Being part of Legacy Foodservice, Thomasson said, gives his company “a greater voice” in negotiations.
“We’re a relatively small company,” he said. “Legacy helps us better compete in the marketplace. … We have better access, better opportunities to meet with high-level executives of major customers.”
In addition to the access provided by membership, he said, Legacy Foodservice helps his company navigate its encounters with potential customers.
“They have helped us understand how we need to go to the table,” he said. “They coach us. ‘Here’s how to get that deal. Here’s how to get that level of service.’ It’s difficult to compete against the bigger companies,” he said. “Legacy helps us bridge that gap.”
On the supply side of Legacy Foodservice’s member roster is Richmond-based global food manufacturer C.F. Sauer Co., a 127-year-old business that makes and sells spices, mayonnaise, margarine and other foods.
Tom Giannasi, Sauer’s vice president of distribution-sales, said Legacy Foodservice membership is recognized as a stamp of approval in the industry.
“Legacy is known for support of products of good quality,” Giannasi said.

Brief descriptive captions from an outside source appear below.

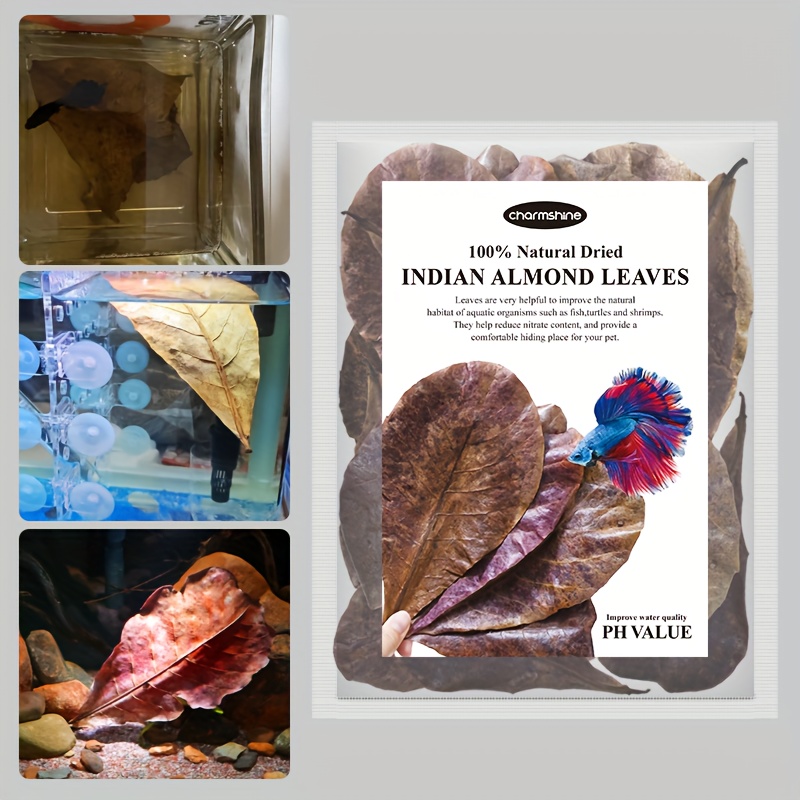 10 pack natural dried     leaves for aquarium premium indian almond leaves enhances water quality lowers ph antibacterial fish   decor stimulates breeding provides resting shelter and   heal fish   pure   wood for all fish   details 0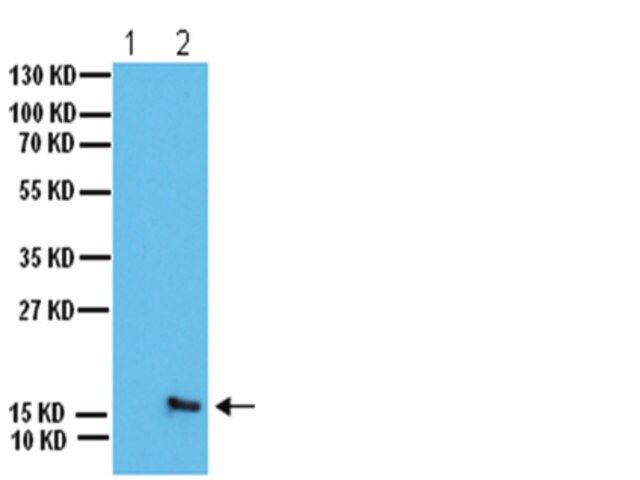 Anti-phospho-H2A.X (Ser139) Antibody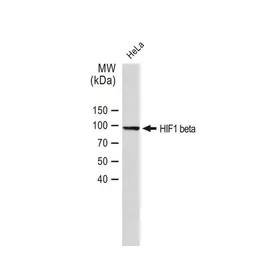 Anti-HIF1 beta antibody [GT1141] used in Western Blot (WB). GTX00799
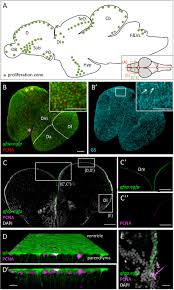 These presets will transform your photos into beautiful clean edits in one simple click. Frontiers Conserved And Divergent Features Of Adult Neurogenesis In Zebrafish Cell And Developmental Biology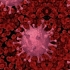 Coronavirus. 21 de decese raportate în ultima săptămână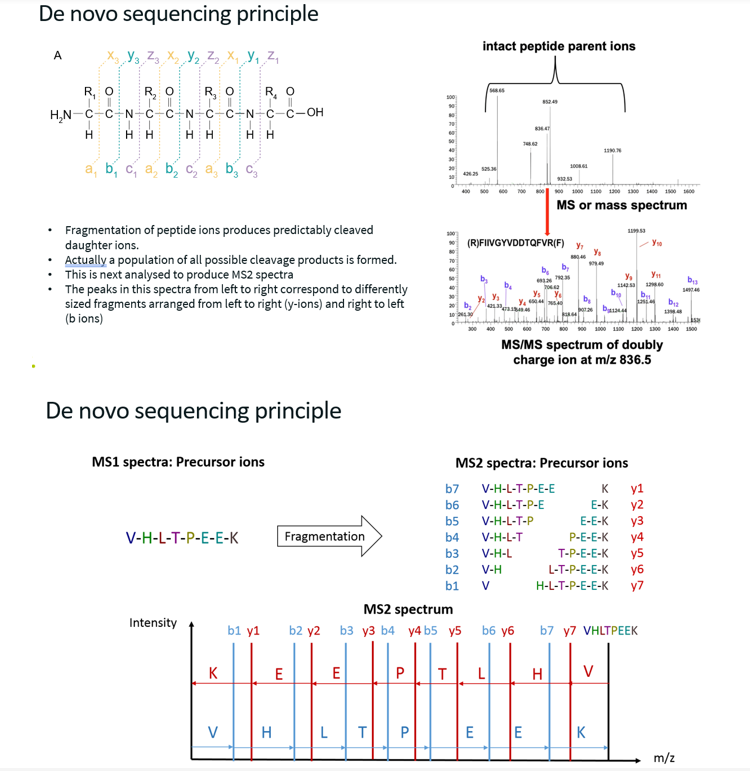 <p><strong><u>How does it work?</u></strong></p><p>Consider one peptide, which has been fragmented into b and y ions (obtained through collision-induced dissociation, break is at the peptide bond). Ideally, this peptide has been broken up into every possible fragment pattern.</p><p>In this case, when observing the MS2 spectra, distance between two b ions/peaks or two adjacent y ions/peaks (<span>Δm/z)</span> corresponds to the mass to charge (m/z) of one amino acid. The heavier of the two fragments has one additional amino acid compared to the lighter one, and this amino-acid has a mass to charge ration equal to Δm/z. Since we know the m/z of every amino acid, we can deduce what this amino acid (which is in the heavier fragment but not the lighter one) is. Thus, by analysing the Δm/z between each adjacent b peaks or each adjacent y peaks, we can deduce the peptide sequence.</p><p><strong><u>Challenges:</u></strong></p><ul><li><p>Only works if we have perfect fragmentation (i.e. all possible fragmentation patterns). If there is no perfect fragmentation, there will be gaps in the amino acid sequence. This can be solved by repeating the analysis and hoping to fill in the gaps.</p></li><li><p>MS2 must contain only one peptide. Thus, this method does not work well for DIA.</p></li><li><p>Amino acids with the same mass to charge ratio cannot be distinguished (e.g. leucine and isoleucine).</p></li></ul><p></p>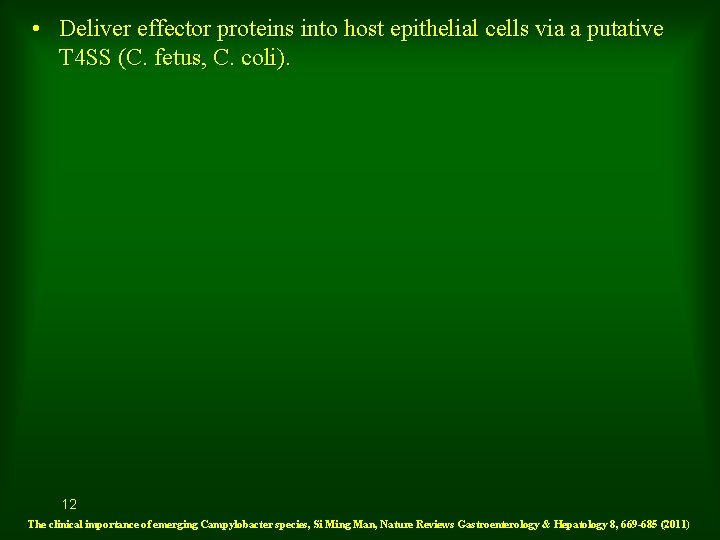  • Deliver effector proteins into host epithelial cells via a putative T 4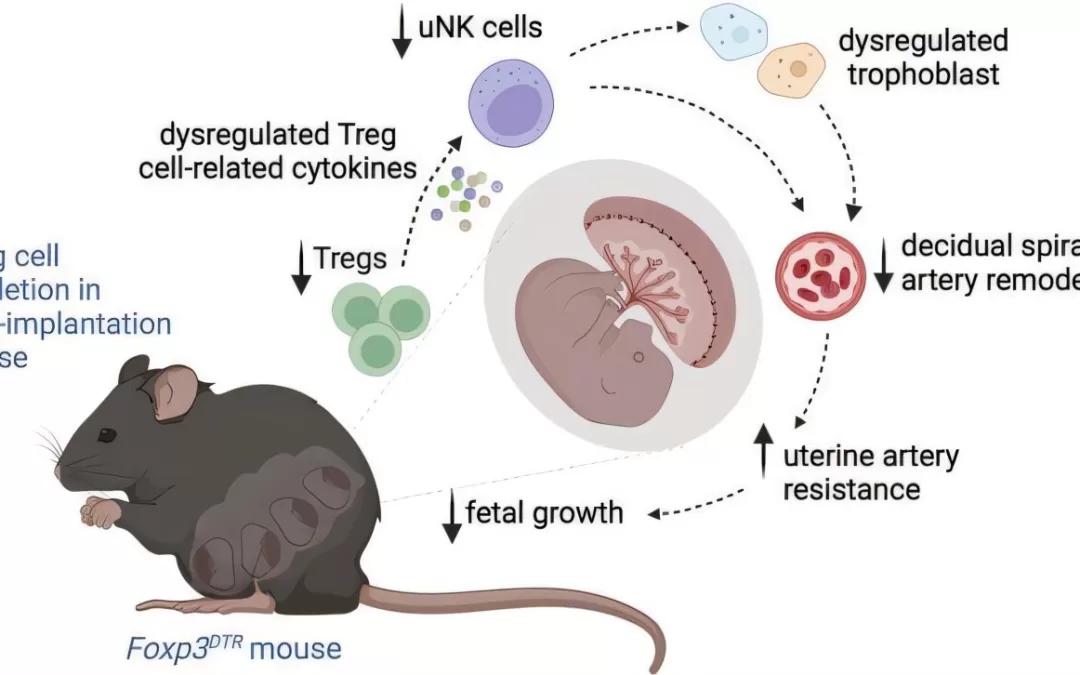 Immune Cells Crucial for Preventing Pregnancy Complications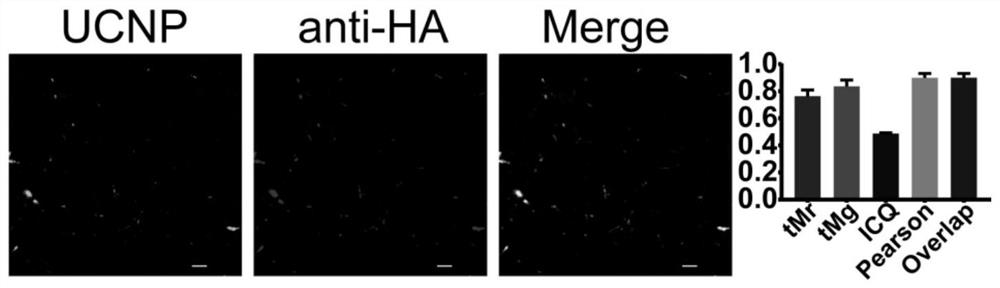 Influenza A virus nucleic acid labeling method based on rare earth up-conversion nanoprobe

Likewise, he said, Sauer knows it can depend on Legacy Foodservice’s distributor members because they have been vetted.
“It’s quite remarkable what Legacy has done in a short period of time,” Giannasi said. “To bring together this many distributors in five years is really impressive.”
Hughes, Legacy Foodservice’s COO, said the company’s defining moment came during that 2010 presentation in Philadelphia.
He and Push enjoyed the theatrics of the ersatz Benjamin Franklin’s speech, he said, and they certainly liked the symbolic signing of the “Declaration of Independents.”
“But the real defining moment came when we met with the suppliers and distributors and explained what we were going to do,” he recalled.
“They were telling us, ‘All of a sudden, it’s real to us. You are doing this.’ There was an excitement about it,” Hughes said. “They saw we were offering new ways to do business.”